Die neue Werkhalle umfaßt 34 v. H. des gesamten vorhandenen umbauten Raumes (in cbm). Nach dem Neuwert berechnet beträgt der Wertanteil 30,4 v. H. Nach dem Einschätzungsverzeichnis der Gebäudeversicherungsstelle betragen die Größenverhältnisse zwischen alter und neuer Halle 55 v. H. zu 45 v. H. und die Wertverhältnisse 58 v. H. zu 42 v. H. (auf Neuwertbasis).

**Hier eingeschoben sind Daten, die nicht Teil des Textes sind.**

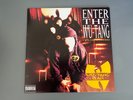 Wu-Tang Clan Enter the Wu-Tang Clan (36 Chambers) LP Black Vinyl Record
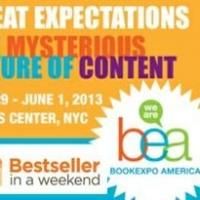 Bestseller in a Weekend Authors Attend Book Expo America in NYC, Now thru 6/1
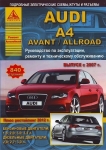 Audi A4 Avant / Audi Allroad  � 2007 � � 2012 �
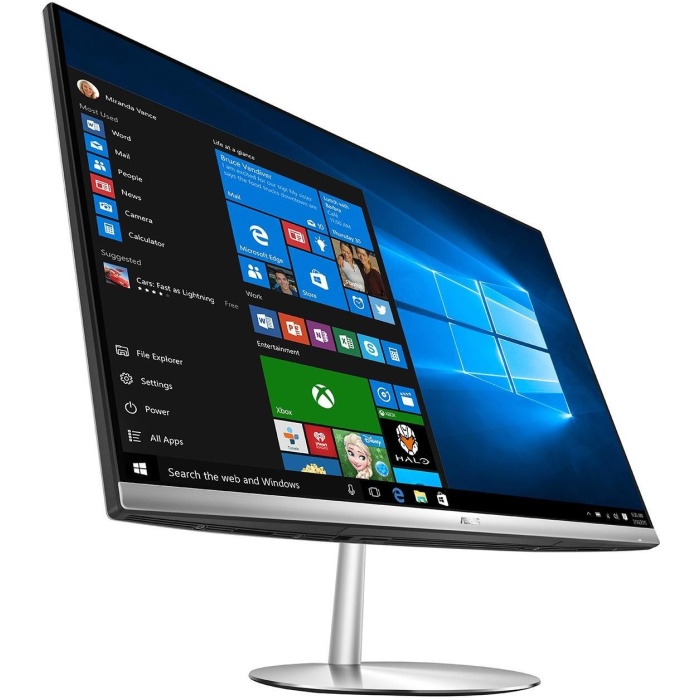 Ordinateur Tout-en-un Asus Zen ZN242IF (90PT0231-M00940) – Image 2
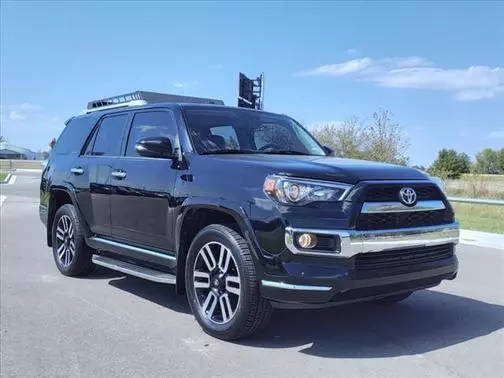 2019 Toyota 4Runner Limited 4WD photo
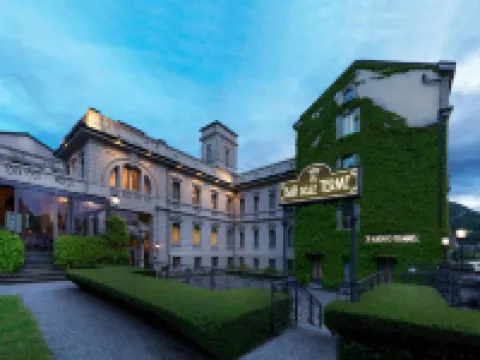 Albergo Terminus Hotels in Como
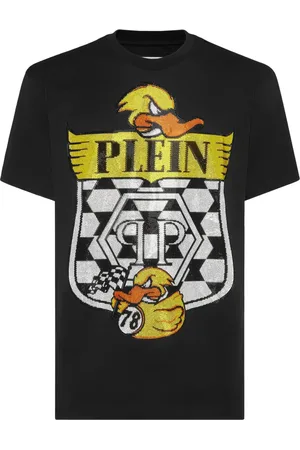 Philipp Plein Duck 1978 T-Shirt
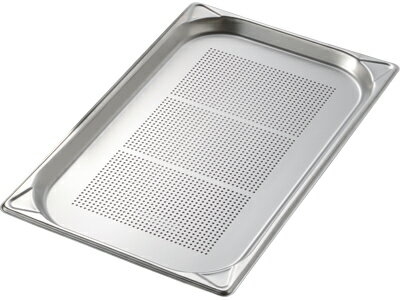 MTI XeXGNp 2/3TCY [200mm (050206-010) Stainless steel pan hole light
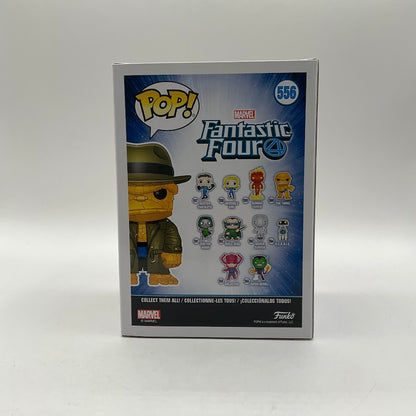 The Thing Funko Pop! Fantastic Four #556 Barnes & Noble Exclusive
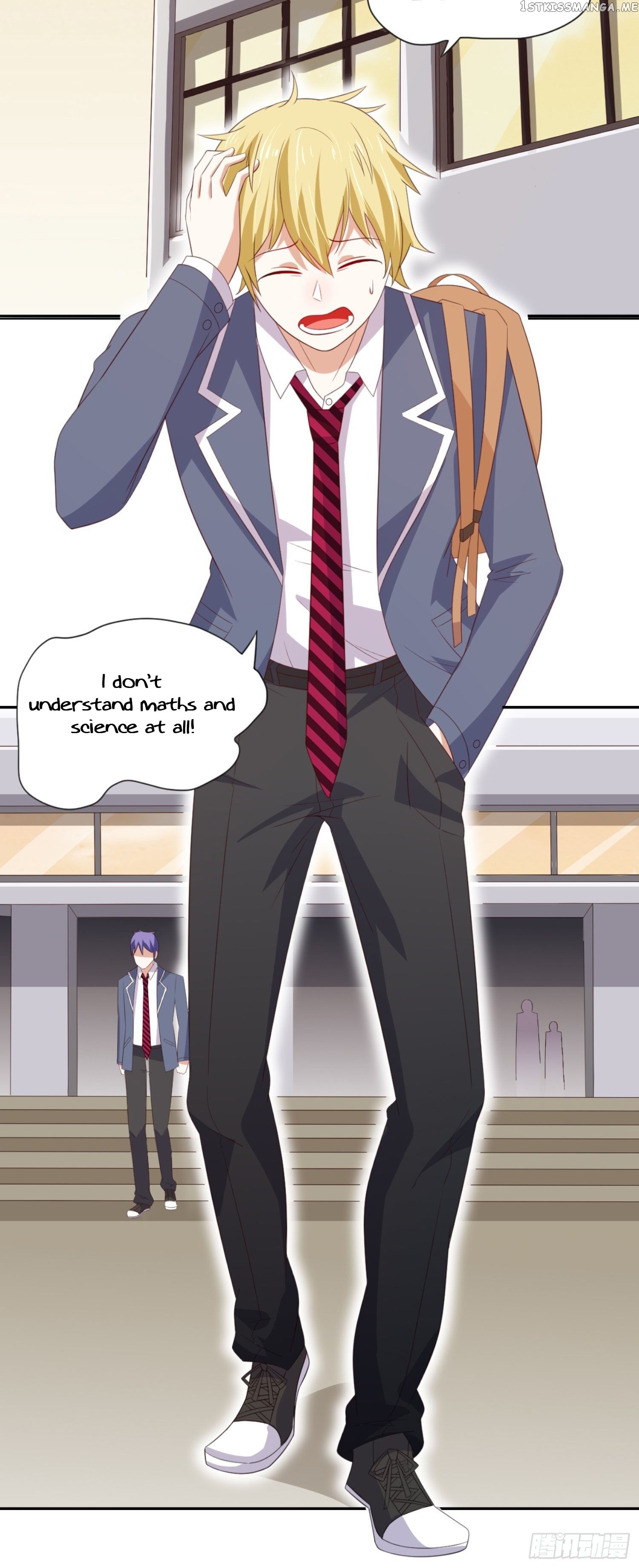 I’M A Villain With Beauties chapter 8 - page 30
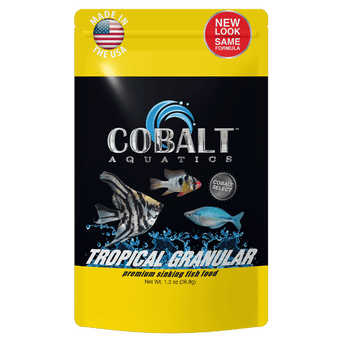 Cobalt Aquatics Cobalt Aquatics Select Tropical Granular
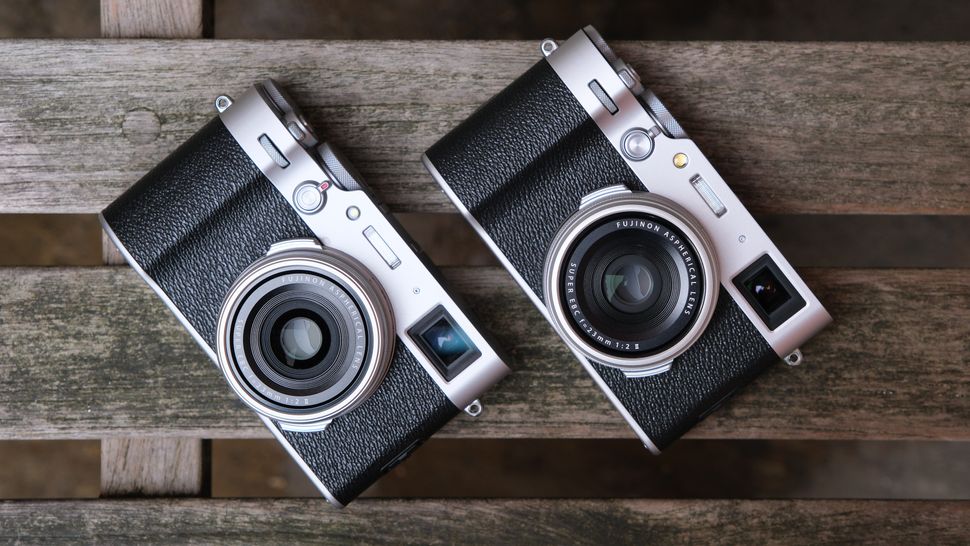 Fujifilm X100VI vs X100V: comparing two generations of premium compact ...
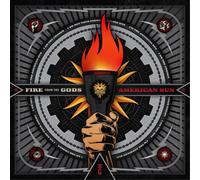 Fire from the Gods American Sun (CD) Album (Importación USA)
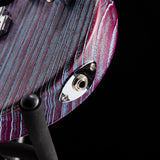 Used ESP Original Snapper AS-BR Driftwood Indigo Purple with Blue Filler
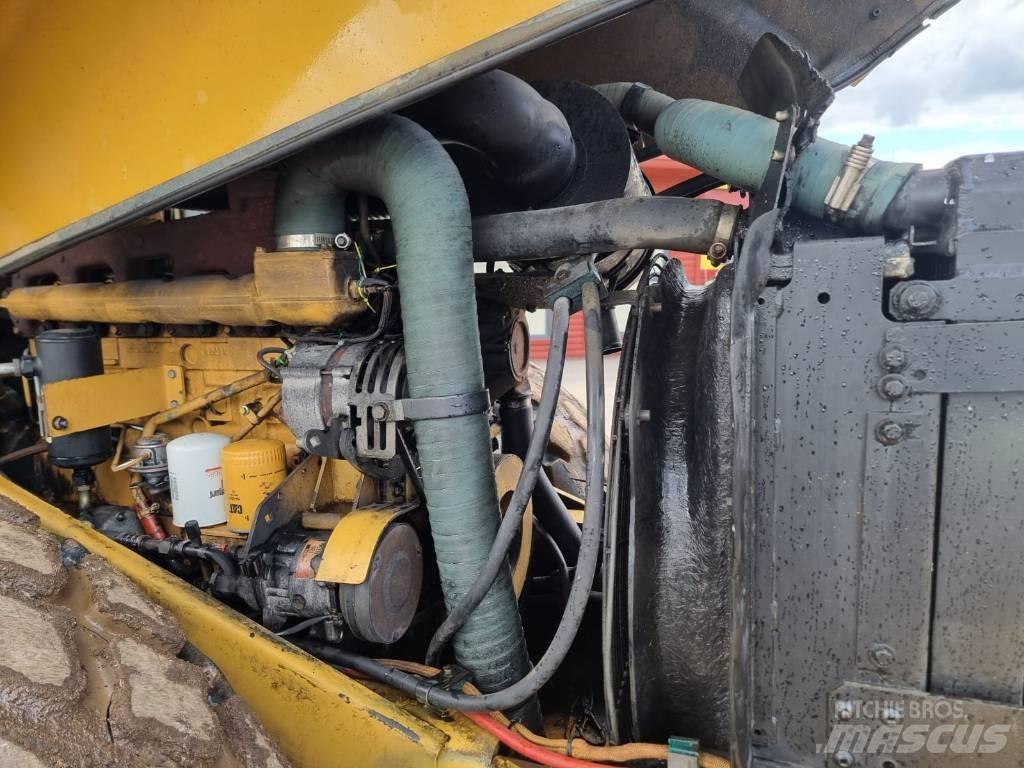 CAT CS 683 E Valsetog
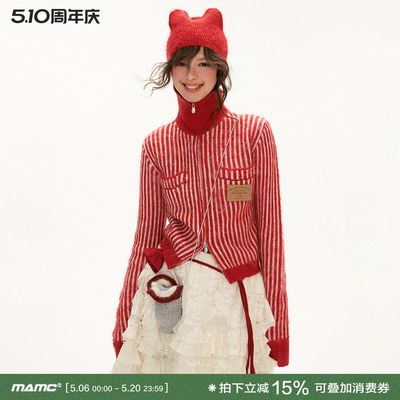 MAMC潮流秋款上衣外套合集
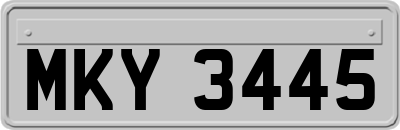 MKY3445
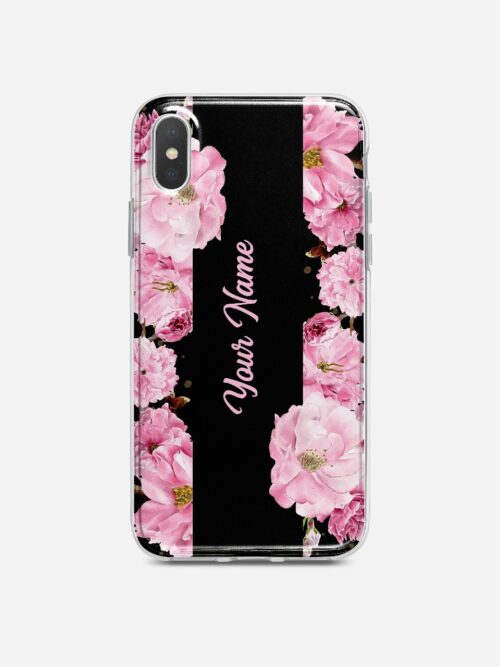Customized Name Printed Mobile Cover 17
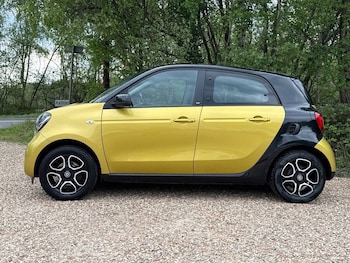 Used smart forfour 2015 for sale - 78401441: Photo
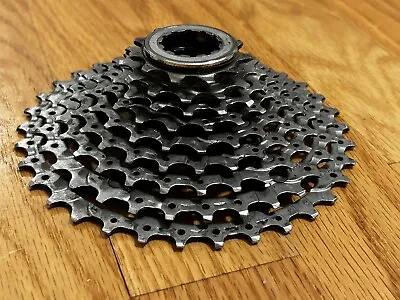 Shimano Deore XT CS-M760 Cassette 9 Speed 11-34t MTB Gravel SRAM Compatible • $36.50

Im Anschluß an eine Betriebsprüfung wurde der Kläger vom Beklagten und Revisionskläger (FA) durch Berichtigungsbescheid gemäß § 222 Abs. 1 Nr. 1 AO wegen der Zuführung der neuen Werkhalle zum Anlagevermögen zur Selbstverbrauchsteuer herangezogen. Der Einspruch blieb ohne Erfolg. Das FG hat der (erhobenen) Klage stattgegeben. Er führt aus: Die alte und die neue Werkhalle seien durch gemeinsame Fundamente auf einer Längsseite zu einer räumlich-baulichen Einheit - einer doppelschiffigen Halle - verbunden worden. Wegen der gemeinsamen Fundamente auf der einen Längsseite könne die neue Werkhalle nicht als selbständiges Bauwerk angesehen werden. Im übrigen sei die neue Werkhalle sowohl dem Gesamtgebäudekomplex als auch dem aus alter und neuer Halle bestehenden Hallenbau wertund größenmäßig untergeordnet. Ferner gebe die neue Werkhalle keinem dieser beiden Gebäudekomplexe das Gepräge.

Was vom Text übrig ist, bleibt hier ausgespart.